Não é verdade dizer que em São João del-Rei não existe preconceito racial. Os negros de nossa terra que aqui já sofreram - e os que ainda hoje sofrem - discriminação desmentiriam, testemunhando em contrário. O modo como foi constituída a sociedade são-joanense, nas origens do século XVIII, quando o ouro qual gabiroba era catado à mão nas encostas da Serra do Lenheiro, contribuiu para que em São João del-Rei as questões raciais fossem muito próprias.

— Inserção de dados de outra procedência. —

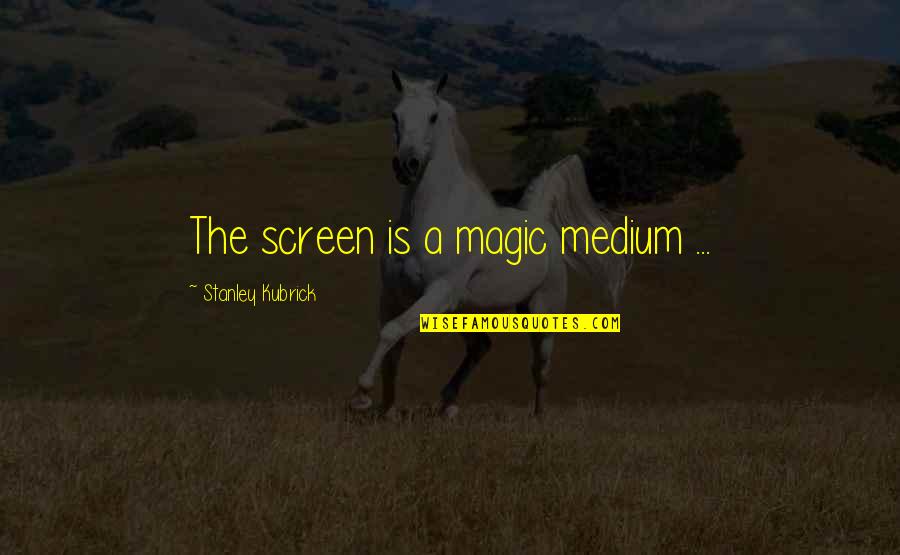 Rising Calm Quotes By Stanley Kubrick: The screen is a magic medium ...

Como em todo arraial nascido da mineração do século XVIII, a população era formada por pessoas de todos os níveis, classes e procedências, principalmente de aventureiros que, sem eira nem beira, viam no Eldorado das Alterosas a grande oportunidade de enriquecimento. Inclusive negros. Isto forjou uma sociedade mestiça e moldou um espírito coletivo favorável à diversidade, ao sincretismo, à tolerância e à miscigenação.

A verdade é que, desde aquela época, de algum modo o negro estava e está inserido na vida de São João del-Rei, muitas vezes como protagonista na escrita de nossa história. Tanto que, já em 1708, fundaram no Arraial Novo de Nossa Senhora do Pilar do Rio das Mortes a primeira Irmandade do Rosário da Capitania de São Paulo e Minas de Ouro. No Brasil, só havia uma irmandade de negros com esta invocação no Rio de Janeiro, que era a sede do governo português em nosso país. Deste modo surgiu a primeira irmandade são-joanense, instituída cinco anos antes da Irmandade do Santíssimo Sacramento.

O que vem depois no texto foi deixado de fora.